:: What this task involves ::
Write down exactly the lines of the listing below, beginning with the one containing "18399 Walnut Street Property Photo 25" and closing with the final line.

:: Data extract ::
□ □ □ □ □

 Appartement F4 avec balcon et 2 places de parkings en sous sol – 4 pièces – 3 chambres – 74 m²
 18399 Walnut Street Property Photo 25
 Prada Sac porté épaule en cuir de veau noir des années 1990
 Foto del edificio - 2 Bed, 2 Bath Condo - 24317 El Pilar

□ □ □ □ □

:: Solution to this problem ::
 18399 Walnut Street Property Photo 25
 Prada Sac porté épaule en cuir de veau noir des années 1990
 Foto del edificio - 2 Bed, 2 Bath Condo - 24317 El Pilar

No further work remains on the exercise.